A peça é um monólogo e Ella Gerricke faz de homem quase desde o início dos vinte e seis quadros que compõem o texto. Ela, Ella Gerricke, faz de homem, o marido que morreu de cancro, porque tem que sobreviver, porque já era pobre, porque a História interrompeu o seu sonho interminável de ser a Branca de Neve. Desde cedo, e para ter trabalho, esta mulher aprende a imitar os gestos masculinos que a tornam controladora de uma grua. Mas não é apenas no trabalho que ela tem que ser homem: na taberna, na rua, entre as crianças, depois com a subida de Hitler ao poder, ela tem que o ser na trincheira, na fábrica, escapar às inspecções e, entre os soldados, escapar ao desassossego das perseguições e excessos de uma sexualidade tão desenfreada e violenta como a da guerra. Prostitui-se, rouba, trabalha nos campos e nas fábricas de plástico que têm sucesso. Ela, Ella Gerricke, tem que matar, tem que sofrer e sofrer e continuar a sofrer sem redenção durante cinquenta anos. Entre certos quadros, Ella, não sabe quem é. E isso enfraquece-a. No texto de Manfred Karge ela está dilacerada e infeliz. Esse enfraquecimento não é do coração. A personagem diz mesmo, para mostrar o carácter orgânico do desconforto, que lhe dói “ali” e “ali” é o estômago. Ela tem fome da vida plena. A vida não saciou a sua vontade de viver e ser. Nesses instantes de consciência de si, Ella evoca a Branca de Neve. Essa evocação é uma invocação de uma dupla infância: a sua e a da Europa de Outrora. Ela não se reconhece nem no fascismo, nem no comunismo, quando trabalha na URSS, nem no capitalismo. Ella não se reconhece na Europa. A limite o texto mostra que não é apenas Ella Gerricke que não tem identidade, é a Europa que perdeu aquela que nasceu na Grécia e vinha insuflada pelo oriente. A dupla evocação é a dupla perda: a da infância de um ser humano, a infância cultural de um continente, a Europa, que se perdeu do mito e das bodas de Cadmo e Harmonia.
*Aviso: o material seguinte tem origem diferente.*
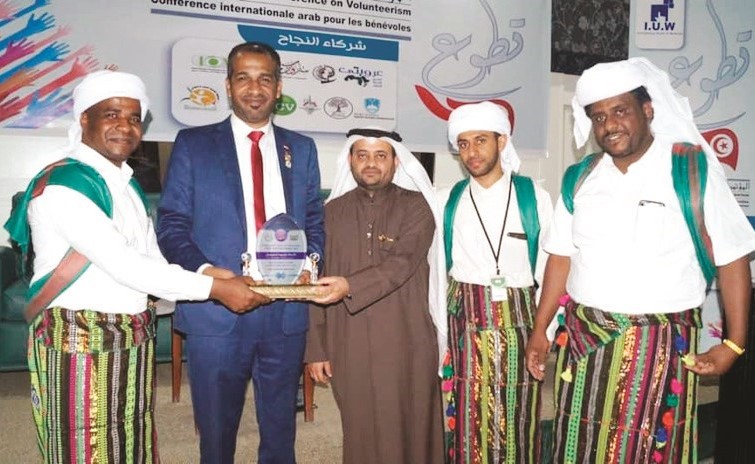 م. فنيس العجمي يشارك في تكريم الوفود المشاركة في المؤتمر بالجمهورية التونسية﻿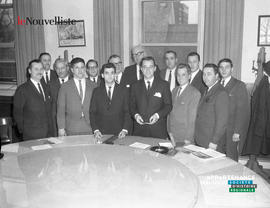 001 - Groupe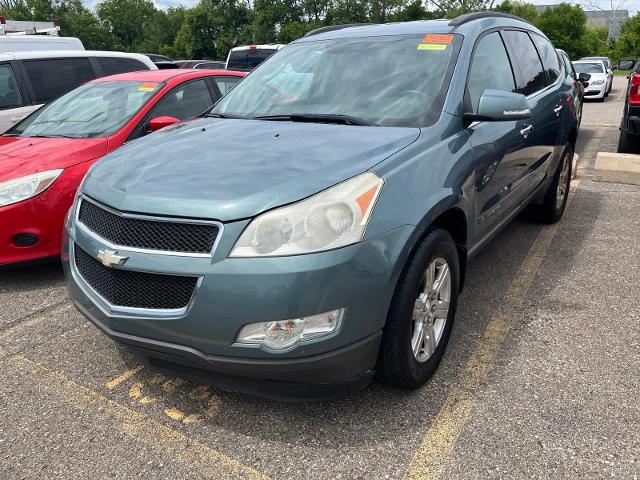 2009 Chevrolet Traverse LT for sale in Sterling Heights, MI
Sendo teatro difícil, político e difícil como o são as peças da Cornucópia, penso que essa é a mais fina e subtil relação analógica que o texto nos deixa para pensar: não é só Ella Gerricke que procura a sua infância que não teve. A Europa actual também só se pode rever numa infância que já não faz parte sequer do currículo das disciplinas. A escola já não é o mundo à parte onde as origens se pensavam e ofereciam ao ser de cada um. Da escola podemos dizer, como Nietzsche do teatro de Eurípides, que tem a vida banal do aluno no palco. Os tachos e as panelas, como ridicularizava Aristófanes nas Rãs. No “palco” da sala, como sabemos, não pode nem estar a vida do professor nem a do aluno. Na sala tem que estar o texto. O Outro com quem aprendemos a troca e a humildade, a ética, o diálogo, a verdade, o bem, o belo, muito para além de cada um e da nossa pobres vida. A escola não pode ser o prolongamento da vida que nos torna infelizes: a escola tem que ser a interrupção dessa vida, a emergência da outra, mais alta e sublime, mais elevada e suprema que os autores vislumbraram do pélago que os assombrou.